What the task asks: Exactly the lines from the one containing "Gucci Calfskin Horsebit" through the final line of the data below, with pictures omitted, make up the answer.

Given information:
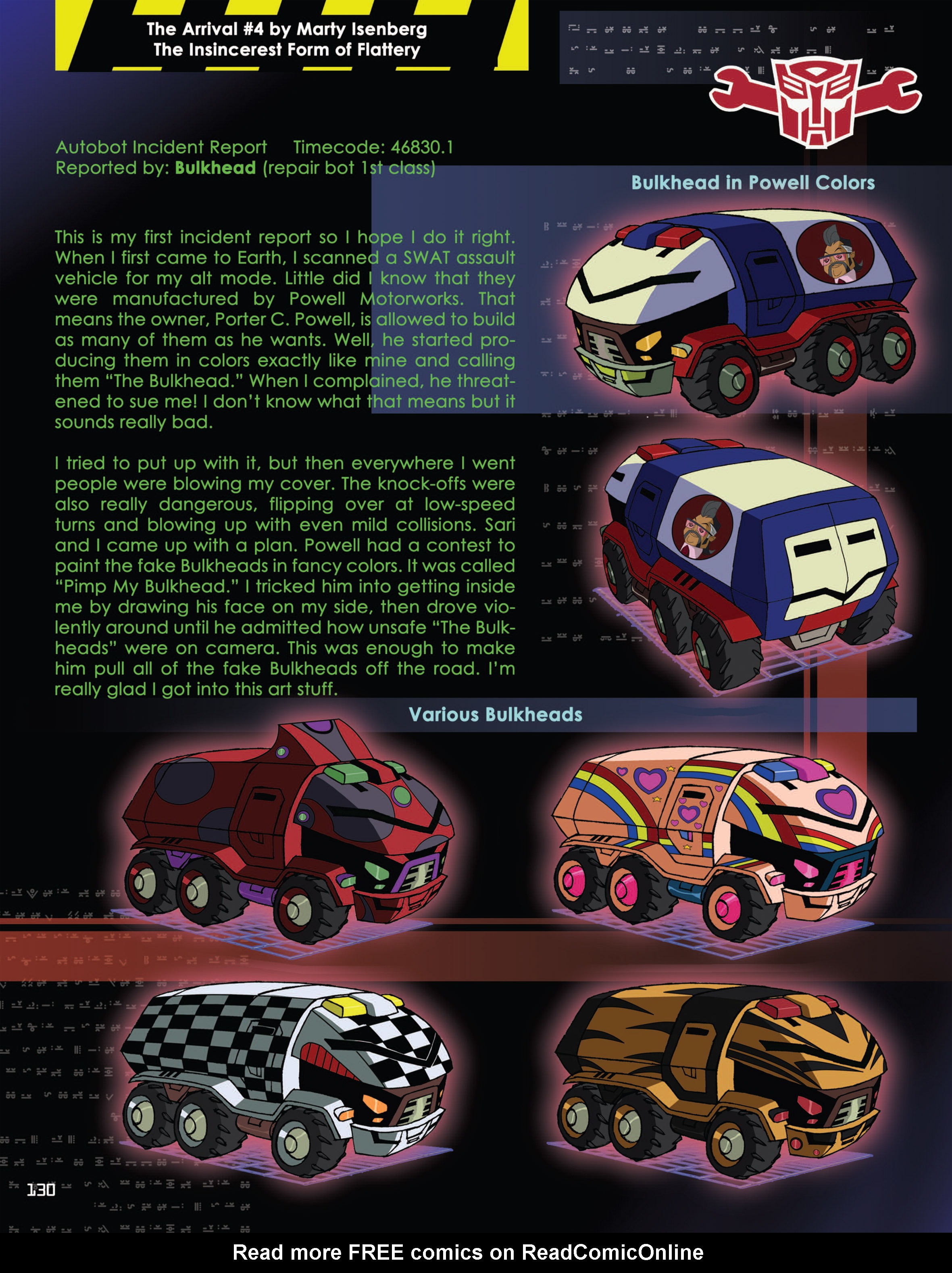 Read online Transformers Animated: The Allspark Almanac comic -  Issue # TPB 1 - 131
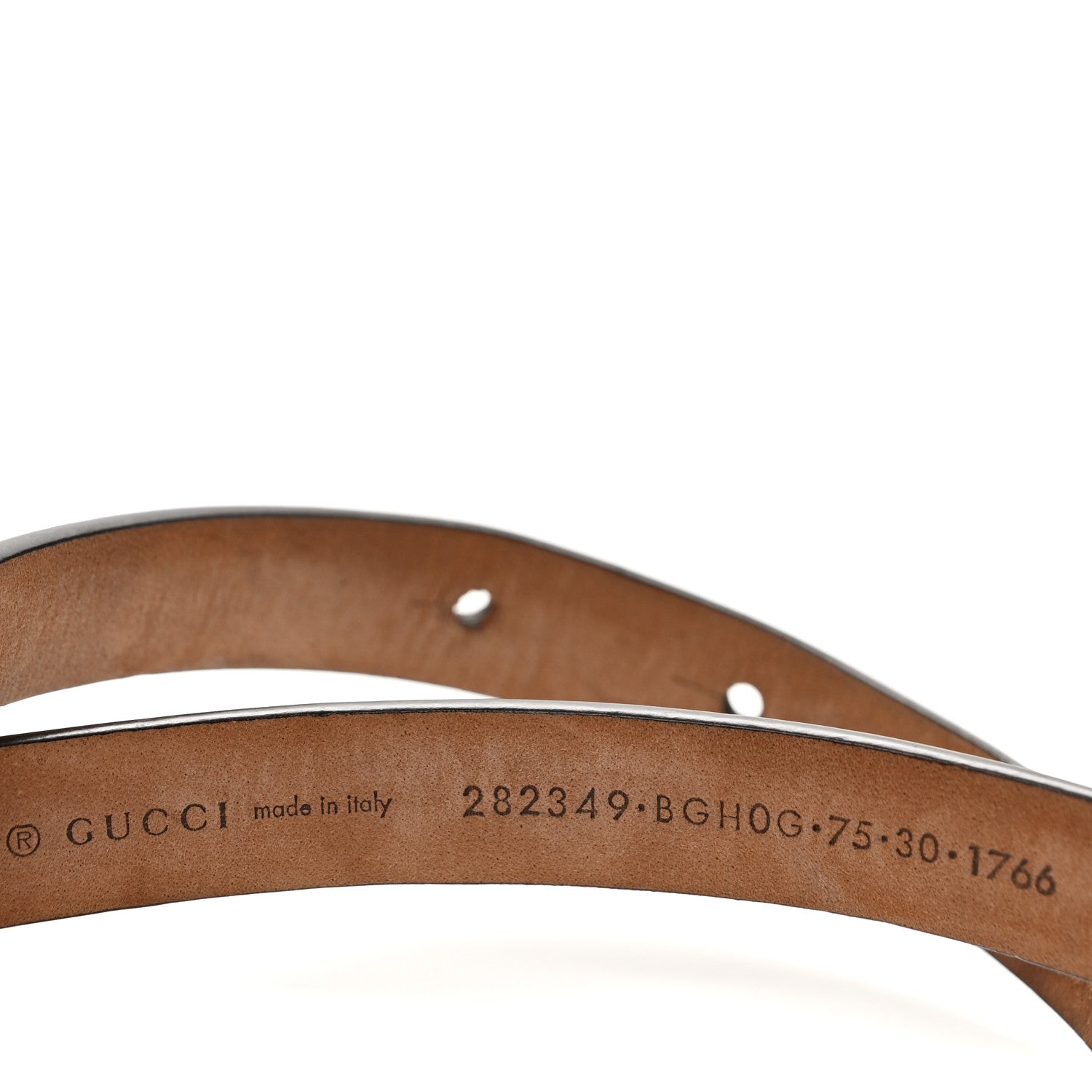 Gucci Calfskin Horsebit Skinny Belt 75 30 Brown 5 of 7
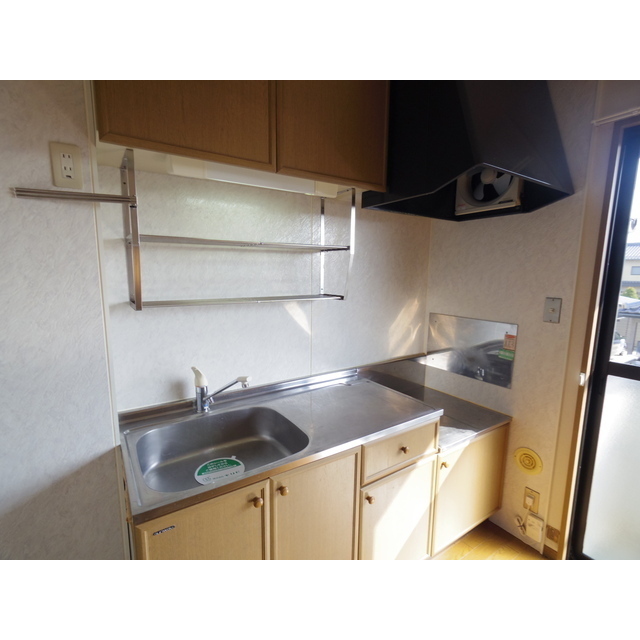 キッチン　２０２号室の写真です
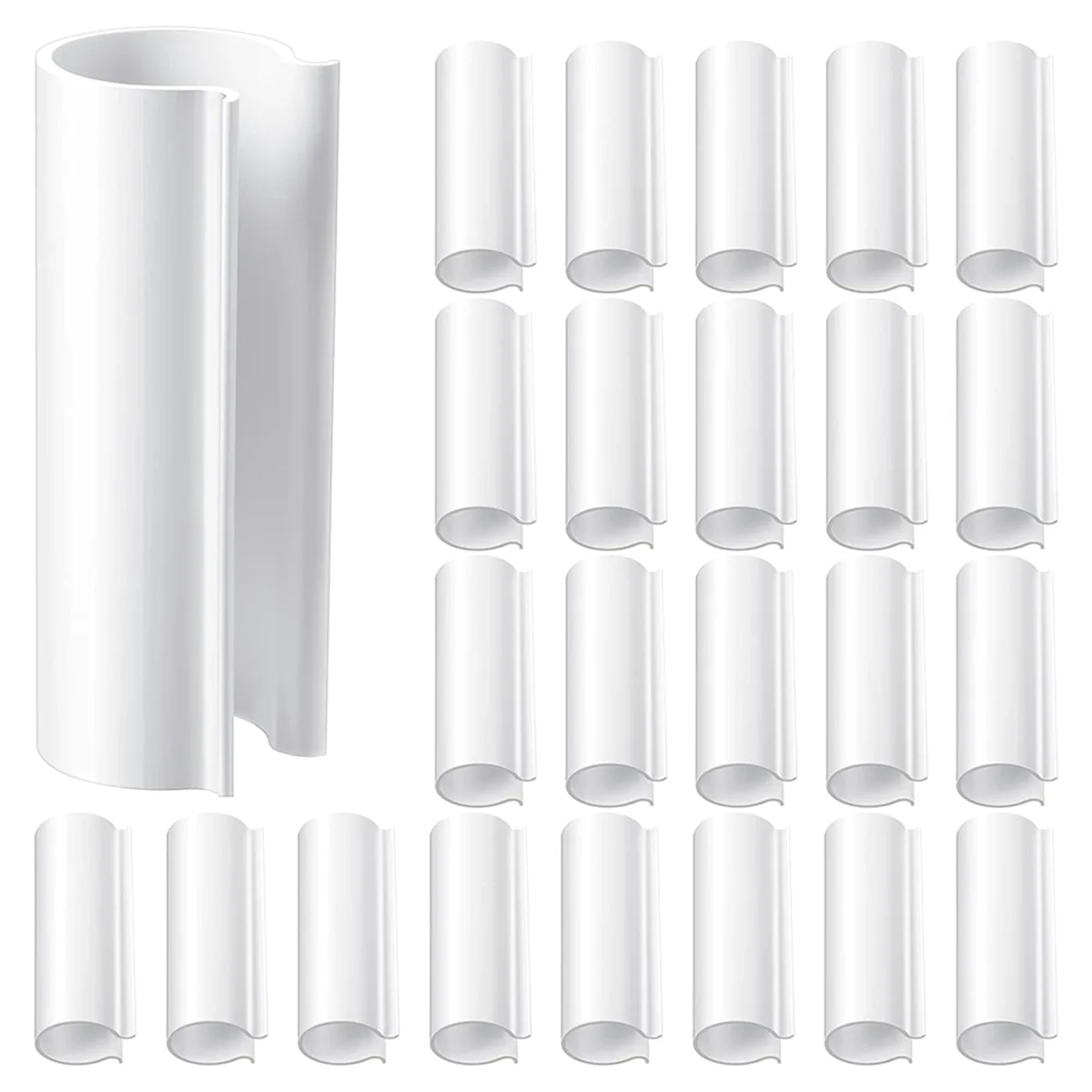 greenhouse clamps32 Piece Snap Clamp for PVC Pipe Greenhouses Row Covers Pool Cover Clips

Response:
 Gucci Calfskin Horsebit Skinny Belt 75 30 Brown 5 of 7
 キッチン　２０２号室の写真です
 greenhouse clamps32 Piece Snap Clamp for PVC Pipe Greenhouses Row Covers Pool Cover Clips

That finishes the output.